Open abhigoku10 opened 2 years ago
Hi @abhigoku10, thank you for your interest in our work!
It is okay to do visualization on CoaT using CAM / GradCAM. However, if your aim is to visualize the attention map in CoaT, it might be a bit difficult: there is no explicit attention map in our attention mechanism since we compute the product of K and V first, thus you may not be able to extract the attention map directly. However, you can mimic the standard self-attention and manually compute the product of Q and K to generate the attention map.
This is because we have different channel settings between CoaT and CoaT-Lite. We try to align the parameters of CoaT and CoaT-Lite for roughly head-to-head comparison, but there still could be some gap. You may find that in Tiny and Mini models, CoaT has slightly less parameters, but in Small models, CoaT-Lite has less parameters.

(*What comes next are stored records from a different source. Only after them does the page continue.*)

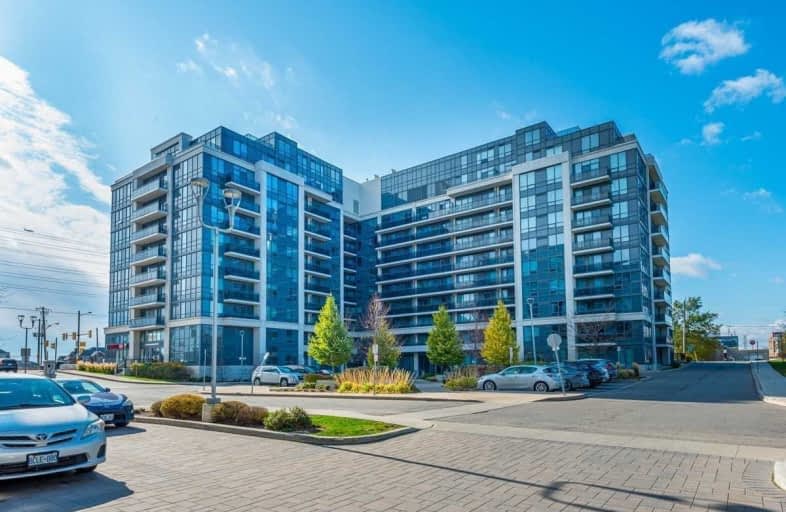 606-370 Highway 7, Richmond Hill | Image 1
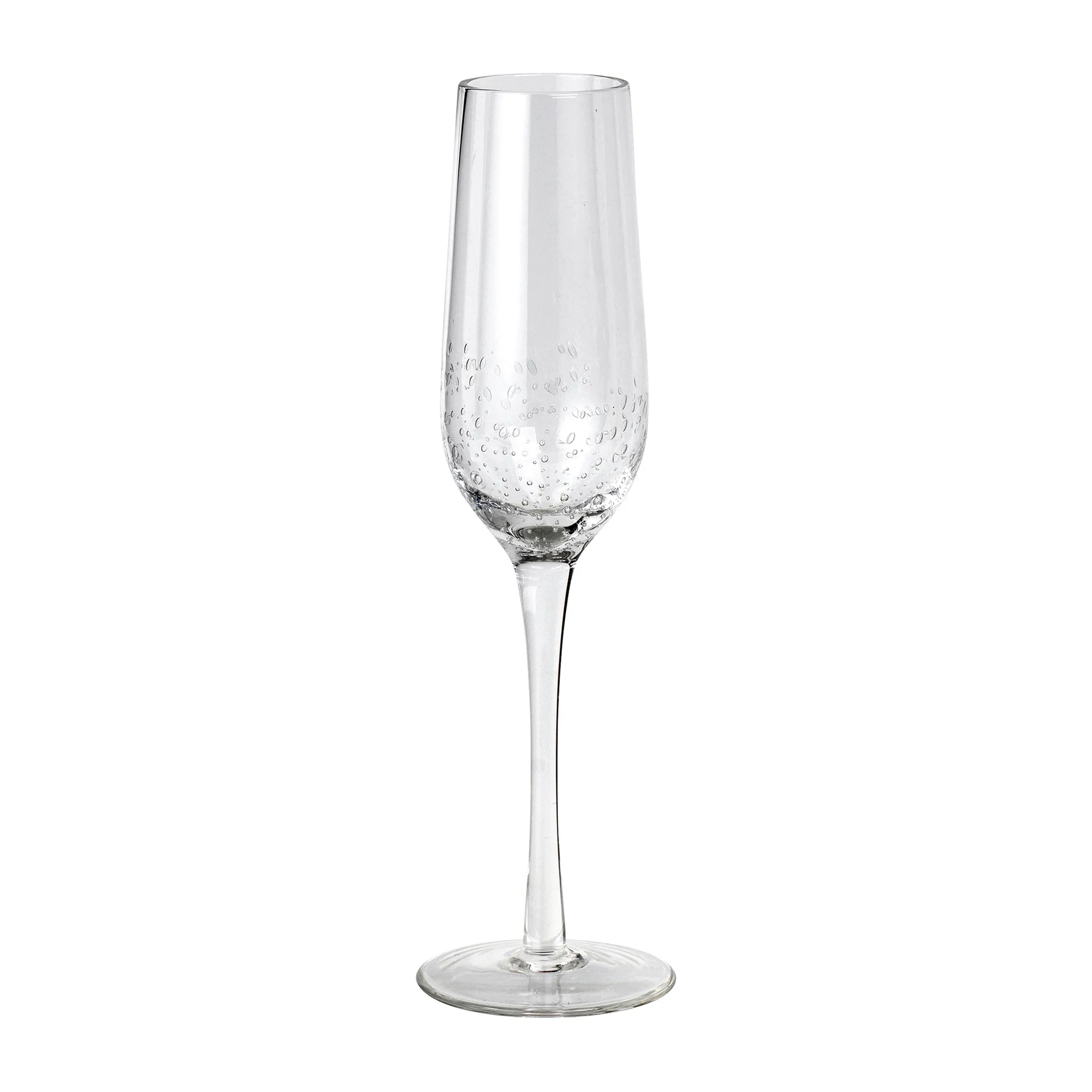 Bubble Champagnerglas, 20cl Broste Copenhagen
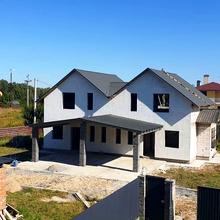 Хід будівництва КМ Sunrise Village, 0, вересень 2023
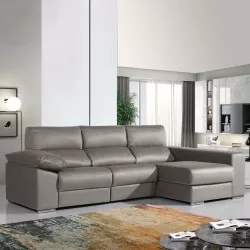 Chaiselong Inter - Chaise Long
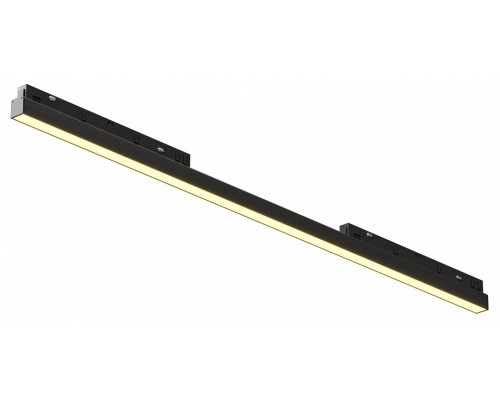 Встраиваемый светильник Maytoni Technical Basis TR030-2-30W2.7K-B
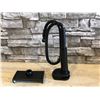 Image 2 : Goose Neck Phone Holder for 3.5"- 7" Devices - Black - Brand New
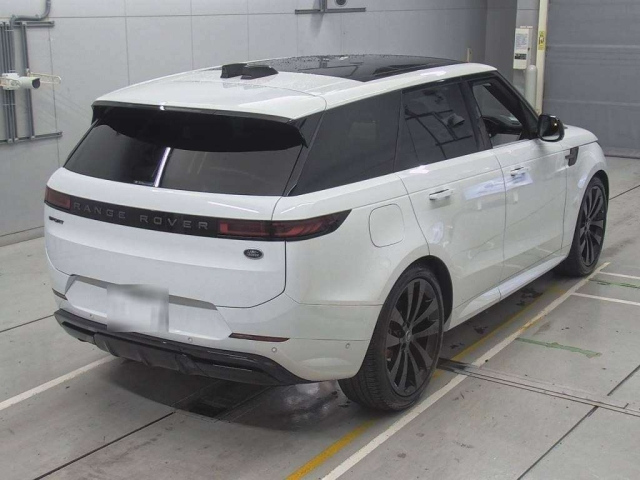 ROVER RANGE ROVER 2023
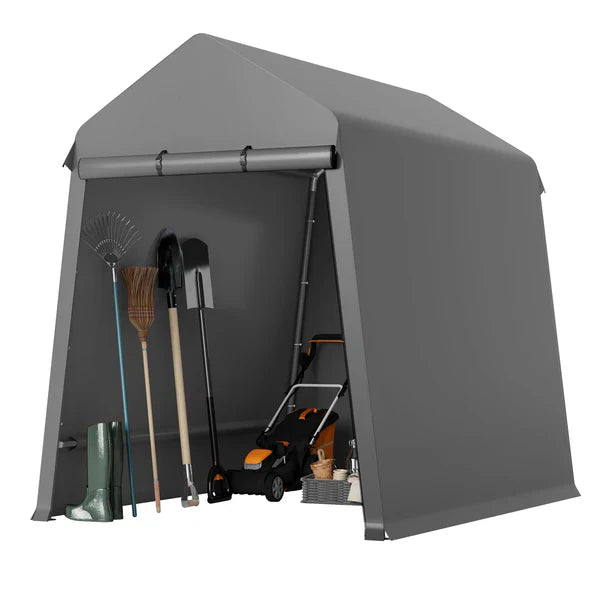 Outdoor Storage Tents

I would suggest to reduce the channels in CoaT-Lite Tiny first. You can try to set a series of ratio t (e.g., t=0.3, 0.5, 0.7, 0.9). Then, multiply all channels by ratio t and train a model (perhaps on a subset of ImageNet if there are not enough computational resources). Draw the curve for validation accuracy of these models and analyze the accuracy drop w.r.t. parameters reduction. You may try to use other ways to reduce the parameters (e.g., reduce blocks or reduce channels in certain blocks) and compare the generated curves to obtain the best practice.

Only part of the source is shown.